# my first DIY: Egg Tumbler



## natedgg (Apr 9, 2011)

My lab is holding, first time for her. I figured I'd strip her tonight and wanted to try my first DIY with an egg tumbler. Let me know what you guys think. Cost me about $5 to make. The undergravel uplift tube was 3.99 and the media bag was $0.89. I had the airstone and the tubing. Only problem I ran into was the tube opening at the top of the uplift was too small so I had to drill it to 1/4''. Yeah, plastic doesn't drill, it cracks  Oh well, it works. It is based off this design:
http://www.sydneycichlid.com/egg-tumbler.htm

The eggs will go in the middle chamber and then suction cup it in the tank. My wife thinks I'm crazy...


----------



## PfunMo (Jul 30, 2009)

I miss the connection between having a yellow lab holding and needing an egg tumbler????


----------



## bou (Dec 8, 2005)

to allow the egg to hatch if you do spit too fast


----------



## PfunMo (Jul 30, 2009)

Do labs ever spit too fast? I find they make great Mothers and making them spit seems so much more trouble that just waiting. It gives me another use for my QT tank.


----------



## natedgg (Apr 9, 2011)

Yeah. I was mentioning that it was first time for her, and I've read that first time mothers will spit prematurely. Also, since I have a very over aggressive male (he has killed two additions to the tank already), he still chases her all day. With only one other lab in the tank, I thought it would be good to strip her so she doesn't lose too much weight or get tormented. Anyhow, I didn't end up stripping since I got cold feet, and she is still in there.

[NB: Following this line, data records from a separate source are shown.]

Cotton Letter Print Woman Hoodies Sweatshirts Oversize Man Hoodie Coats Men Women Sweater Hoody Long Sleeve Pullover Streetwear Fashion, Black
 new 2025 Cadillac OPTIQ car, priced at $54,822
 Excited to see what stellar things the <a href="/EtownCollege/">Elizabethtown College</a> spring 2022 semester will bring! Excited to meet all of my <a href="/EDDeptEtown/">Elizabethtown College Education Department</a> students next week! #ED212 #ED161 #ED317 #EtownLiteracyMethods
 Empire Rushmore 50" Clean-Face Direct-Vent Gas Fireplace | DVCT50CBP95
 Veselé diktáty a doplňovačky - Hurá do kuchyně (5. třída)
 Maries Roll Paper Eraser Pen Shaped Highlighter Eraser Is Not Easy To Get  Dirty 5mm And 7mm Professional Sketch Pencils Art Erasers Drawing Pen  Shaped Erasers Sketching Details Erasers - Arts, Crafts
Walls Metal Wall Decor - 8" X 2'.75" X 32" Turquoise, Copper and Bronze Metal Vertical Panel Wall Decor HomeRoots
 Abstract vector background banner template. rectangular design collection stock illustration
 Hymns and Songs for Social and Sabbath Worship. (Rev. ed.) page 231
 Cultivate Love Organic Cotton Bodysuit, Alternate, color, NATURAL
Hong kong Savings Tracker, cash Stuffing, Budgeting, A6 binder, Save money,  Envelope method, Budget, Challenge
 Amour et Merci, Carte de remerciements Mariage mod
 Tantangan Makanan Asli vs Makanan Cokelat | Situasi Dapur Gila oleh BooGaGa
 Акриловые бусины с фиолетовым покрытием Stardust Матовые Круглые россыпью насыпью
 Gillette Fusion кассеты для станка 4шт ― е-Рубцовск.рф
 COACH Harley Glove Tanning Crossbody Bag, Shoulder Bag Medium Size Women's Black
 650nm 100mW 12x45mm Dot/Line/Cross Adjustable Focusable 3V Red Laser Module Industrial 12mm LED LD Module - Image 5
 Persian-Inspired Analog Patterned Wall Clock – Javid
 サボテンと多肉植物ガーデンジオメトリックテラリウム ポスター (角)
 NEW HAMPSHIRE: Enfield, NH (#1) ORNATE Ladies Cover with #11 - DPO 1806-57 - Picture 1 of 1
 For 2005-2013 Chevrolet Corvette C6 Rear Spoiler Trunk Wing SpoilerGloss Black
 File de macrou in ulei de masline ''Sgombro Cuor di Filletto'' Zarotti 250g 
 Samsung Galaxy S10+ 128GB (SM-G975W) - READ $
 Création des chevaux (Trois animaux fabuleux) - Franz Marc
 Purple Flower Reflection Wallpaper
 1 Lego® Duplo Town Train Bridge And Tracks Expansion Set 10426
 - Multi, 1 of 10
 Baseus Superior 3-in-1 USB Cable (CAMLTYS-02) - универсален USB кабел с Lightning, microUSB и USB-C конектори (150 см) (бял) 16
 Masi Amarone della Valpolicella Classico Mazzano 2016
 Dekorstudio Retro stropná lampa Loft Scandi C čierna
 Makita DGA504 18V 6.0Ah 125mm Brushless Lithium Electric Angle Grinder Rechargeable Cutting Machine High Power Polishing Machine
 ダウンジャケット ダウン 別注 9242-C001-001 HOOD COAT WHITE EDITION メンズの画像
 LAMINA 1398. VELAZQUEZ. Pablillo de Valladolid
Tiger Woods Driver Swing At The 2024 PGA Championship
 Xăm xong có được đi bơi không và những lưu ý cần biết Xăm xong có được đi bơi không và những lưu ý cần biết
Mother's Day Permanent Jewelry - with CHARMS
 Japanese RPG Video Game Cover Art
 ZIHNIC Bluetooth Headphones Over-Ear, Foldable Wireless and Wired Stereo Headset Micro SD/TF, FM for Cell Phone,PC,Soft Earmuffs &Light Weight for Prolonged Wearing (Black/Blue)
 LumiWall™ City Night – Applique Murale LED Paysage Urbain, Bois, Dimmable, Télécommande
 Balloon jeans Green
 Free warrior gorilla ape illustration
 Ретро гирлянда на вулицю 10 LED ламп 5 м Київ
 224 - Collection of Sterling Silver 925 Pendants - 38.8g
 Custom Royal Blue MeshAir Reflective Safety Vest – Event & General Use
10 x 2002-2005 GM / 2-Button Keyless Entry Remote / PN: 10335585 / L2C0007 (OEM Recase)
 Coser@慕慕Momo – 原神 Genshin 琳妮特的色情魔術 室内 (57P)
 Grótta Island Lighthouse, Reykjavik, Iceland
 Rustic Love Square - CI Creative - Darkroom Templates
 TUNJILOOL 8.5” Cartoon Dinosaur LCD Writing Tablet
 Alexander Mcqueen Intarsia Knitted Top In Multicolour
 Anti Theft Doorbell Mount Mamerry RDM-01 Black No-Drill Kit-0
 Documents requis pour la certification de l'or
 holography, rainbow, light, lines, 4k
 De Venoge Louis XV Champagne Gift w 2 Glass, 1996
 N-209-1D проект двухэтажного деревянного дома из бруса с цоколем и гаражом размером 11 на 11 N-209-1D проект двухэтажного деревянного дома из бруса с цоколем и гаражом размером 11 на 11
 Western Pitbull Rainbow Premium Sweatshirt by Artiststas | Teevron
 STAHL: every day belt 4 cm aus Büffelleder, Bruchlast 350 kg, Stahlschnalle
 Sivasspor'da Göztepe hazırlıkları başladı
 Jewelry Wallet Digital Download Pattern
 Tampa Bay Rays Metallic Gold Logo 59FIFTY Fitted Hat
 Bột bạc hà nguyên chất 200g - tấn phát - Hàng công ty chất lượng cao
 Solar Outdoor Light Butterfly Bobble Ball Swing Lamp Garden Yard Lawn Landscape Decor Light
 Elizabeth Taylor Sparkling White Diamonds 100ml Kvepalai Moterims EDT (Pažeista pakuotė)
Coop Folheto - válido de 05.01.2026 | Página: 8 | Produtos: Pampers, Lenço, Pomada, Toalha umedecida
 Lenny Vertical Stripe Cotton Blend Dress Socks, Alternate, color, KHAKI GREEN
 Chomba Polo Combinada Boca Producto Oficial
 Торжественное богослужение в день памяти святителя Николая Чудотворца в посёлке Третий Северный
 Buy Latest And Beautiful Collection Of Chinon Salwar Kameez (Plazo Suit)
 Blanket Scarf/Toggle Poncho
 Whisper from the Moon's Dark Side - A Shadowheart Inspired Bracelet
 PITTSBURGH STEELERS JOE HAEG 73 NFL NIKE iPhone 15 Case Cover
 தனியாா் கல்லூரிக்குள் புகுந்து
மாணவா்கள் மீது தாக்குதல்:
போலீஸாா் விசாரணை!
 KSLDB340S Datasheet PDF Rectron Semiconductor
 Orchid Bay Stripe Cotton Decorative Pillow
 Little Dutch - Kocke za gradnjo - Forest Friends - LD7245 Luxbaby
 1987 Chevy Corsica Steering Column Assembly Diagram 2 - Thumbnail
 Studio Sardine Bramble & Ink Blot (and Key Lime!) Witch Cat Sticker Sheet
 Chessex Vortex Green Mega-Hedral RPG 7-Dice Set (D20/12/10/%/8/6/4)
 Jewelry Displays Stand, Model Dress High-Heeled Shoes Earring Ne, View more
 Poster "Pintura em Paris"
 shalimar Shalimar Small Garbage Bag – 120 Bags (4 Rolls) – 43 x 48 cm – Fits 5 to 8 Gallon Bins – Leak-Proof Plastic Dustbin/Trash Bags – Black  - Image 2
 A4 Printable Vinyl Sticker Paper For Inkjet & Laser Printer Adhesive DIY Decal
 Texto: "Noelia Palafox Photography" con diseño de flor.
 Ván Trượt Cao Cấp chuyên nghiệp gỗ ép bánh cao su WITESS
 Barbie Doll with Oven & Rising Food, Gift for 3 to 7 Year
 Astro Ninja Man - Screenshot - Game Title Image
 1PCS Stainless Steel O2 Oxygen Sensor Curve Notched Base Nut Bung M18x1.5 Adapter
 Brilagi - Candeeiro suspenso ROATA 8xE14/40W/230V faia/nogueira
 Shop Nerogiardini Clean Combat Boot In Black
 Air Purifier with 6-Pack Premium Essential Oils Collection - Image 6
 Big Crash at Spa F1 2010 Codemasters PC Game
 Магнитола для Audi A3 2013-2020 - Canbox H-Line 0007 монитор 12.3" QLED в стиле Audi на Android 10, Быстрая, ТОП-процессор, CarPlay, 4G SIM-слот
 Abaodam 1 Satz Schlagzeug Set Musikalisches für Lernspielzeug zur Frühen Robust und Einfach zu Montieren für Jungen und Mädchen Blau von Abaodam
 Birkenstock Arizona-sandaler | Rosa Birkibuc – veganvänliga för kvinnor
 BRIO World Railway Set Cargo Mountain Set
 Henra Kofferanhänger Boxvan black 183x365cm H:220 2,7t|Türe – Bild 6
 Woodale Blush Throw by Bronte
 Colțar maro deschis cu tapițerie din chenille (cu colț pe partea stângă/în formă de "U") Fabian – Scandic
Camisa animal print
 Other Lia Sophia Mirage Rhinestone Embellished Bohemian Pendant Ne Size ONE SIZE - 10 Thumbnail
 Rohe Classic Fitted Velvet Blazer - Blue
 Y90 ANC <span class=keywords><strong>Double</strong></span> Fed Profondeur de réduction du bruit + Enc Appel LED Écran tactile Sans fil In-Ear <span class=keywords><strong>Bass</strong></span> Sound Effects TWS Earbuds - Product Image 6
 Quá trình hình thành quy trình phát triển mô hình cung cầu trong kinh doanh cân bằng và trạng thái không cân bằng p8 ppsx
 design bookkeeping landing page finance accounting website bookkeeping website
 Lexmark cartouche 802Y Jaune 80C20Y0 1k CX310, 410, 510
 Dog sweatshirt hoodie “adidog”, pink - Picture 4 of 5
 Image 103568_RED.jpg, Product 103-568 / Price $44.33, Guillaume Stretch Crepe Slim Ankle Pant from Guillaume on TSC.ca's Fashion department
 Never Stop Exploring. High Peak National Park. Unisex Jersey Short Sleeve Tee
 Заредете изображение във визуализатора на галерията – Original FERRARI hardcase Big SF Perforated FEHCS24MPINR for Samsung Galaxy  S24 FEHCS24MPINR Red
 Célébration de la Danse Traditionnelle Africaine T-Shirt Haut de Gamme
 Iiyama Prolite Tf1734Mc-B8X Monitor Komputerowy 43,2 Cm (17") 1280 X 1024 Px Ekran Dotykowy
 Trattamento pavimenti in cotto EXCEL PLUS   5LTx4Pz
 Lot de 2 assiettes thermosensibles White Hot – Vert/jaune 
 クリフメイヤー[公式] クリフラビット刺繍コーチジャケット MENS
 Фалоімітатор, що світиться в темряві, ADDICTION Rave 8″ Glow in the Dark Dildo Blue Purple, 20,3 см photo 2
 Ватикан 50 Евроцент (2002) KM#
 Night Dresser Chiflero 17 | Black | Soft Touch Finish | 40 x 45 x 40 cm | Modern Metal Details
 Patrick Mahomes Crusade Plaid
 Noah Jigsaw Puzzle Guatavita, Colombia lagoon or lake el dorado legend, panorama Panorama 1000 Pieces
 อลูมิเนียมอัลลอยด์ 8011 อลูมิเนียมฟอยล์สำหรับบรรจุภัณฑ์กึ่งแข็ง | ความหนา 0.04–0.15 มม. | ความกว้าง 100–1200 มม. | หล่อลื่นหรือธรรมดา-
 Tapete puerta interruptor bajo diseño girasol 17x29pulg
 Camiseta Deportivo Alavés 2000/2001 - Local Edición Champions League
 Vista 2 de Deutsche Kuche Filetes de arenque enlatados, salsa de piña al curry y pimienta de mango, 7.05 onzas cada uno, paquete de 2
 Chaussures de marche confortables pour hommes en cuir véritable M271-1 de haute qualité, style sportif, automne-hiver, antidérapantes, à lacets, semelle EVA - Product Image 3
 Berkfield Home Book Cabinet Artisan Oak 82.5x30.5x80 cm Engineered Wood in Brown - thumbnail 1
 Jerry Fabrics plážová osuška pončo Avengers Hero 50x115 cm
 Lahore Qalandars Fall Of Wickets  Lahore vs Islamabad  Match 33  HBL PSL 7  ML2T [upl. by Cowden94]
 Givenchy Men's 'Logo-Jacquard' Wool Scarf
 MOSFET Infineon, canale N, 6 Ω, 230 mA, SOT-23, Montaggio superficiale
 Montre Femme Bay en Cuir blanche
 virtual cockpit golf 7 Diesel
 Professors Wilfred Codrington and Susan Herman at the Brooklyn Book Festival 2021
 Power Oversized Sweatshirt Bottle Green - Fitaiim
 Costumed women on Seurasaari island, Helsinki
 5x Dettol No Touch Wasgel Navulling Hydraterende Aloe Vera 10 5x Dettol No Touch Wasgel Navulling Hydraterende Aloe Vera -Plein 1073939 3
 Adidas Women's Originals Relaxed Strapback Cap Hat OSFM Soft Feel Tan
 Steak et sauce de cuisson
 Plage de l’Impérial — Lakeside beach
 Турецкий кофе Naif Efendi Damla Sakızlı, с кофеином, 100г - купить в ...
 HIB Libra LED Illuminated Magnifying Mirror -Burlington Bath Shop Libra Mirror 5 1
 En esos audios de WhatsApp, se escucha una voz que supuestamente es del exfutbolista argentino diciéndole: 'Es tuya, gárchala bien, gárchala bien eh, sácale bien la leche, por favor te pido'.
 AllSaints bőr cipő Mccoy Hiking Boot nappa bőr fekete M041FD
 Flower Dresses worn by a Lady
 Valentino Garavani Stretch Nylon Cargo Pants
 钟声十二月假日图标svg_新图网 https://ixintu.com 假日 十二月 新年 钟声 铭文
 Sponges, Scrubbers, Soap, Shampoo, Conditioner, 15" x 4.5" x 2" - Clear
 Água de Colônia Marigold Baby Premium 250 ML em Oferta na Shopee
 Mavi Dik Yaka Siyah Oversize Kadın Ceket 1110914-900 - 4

I'll save the tumbler for another day and pray for mom! :roll:


----------



## PfunMo (Jul 30, 2009)

If you have a small tank where you would be putting the fry, I would put her there and let things go the natural way. I have never had them eat any fry but have always had some rocks that lie close to the bottom but leave a crack where the fry can go and be safe if the mom does decide to eat them. When I have tried to strip females it has always been such a mess that I never do it any more. After a day or two of rest, I just swap her back to the main tank. I have never really had a male that was too much trouble for the female but I have always had a number of females and he would lose track of which he was trying to attract.


----------



## natedgg (Apr 9, 2011)

Yeah PfunMo, I have a 10g, but it's probably still a week away from being cycled. She'll have to wait till then, but I think I'm going to do what you suggest. Anyone want a $5 egg tumbler?


----------



## gmaschke (Aug 23, 2008)

its a matter of preference. I usually strip. There are advocates of both. Sometimes I have to strip because I keep Syn. Multis and if you don't strip and there is cat fry then the cat fry eat the cichlid fry and then each other until you are down to 1 or 2 cats.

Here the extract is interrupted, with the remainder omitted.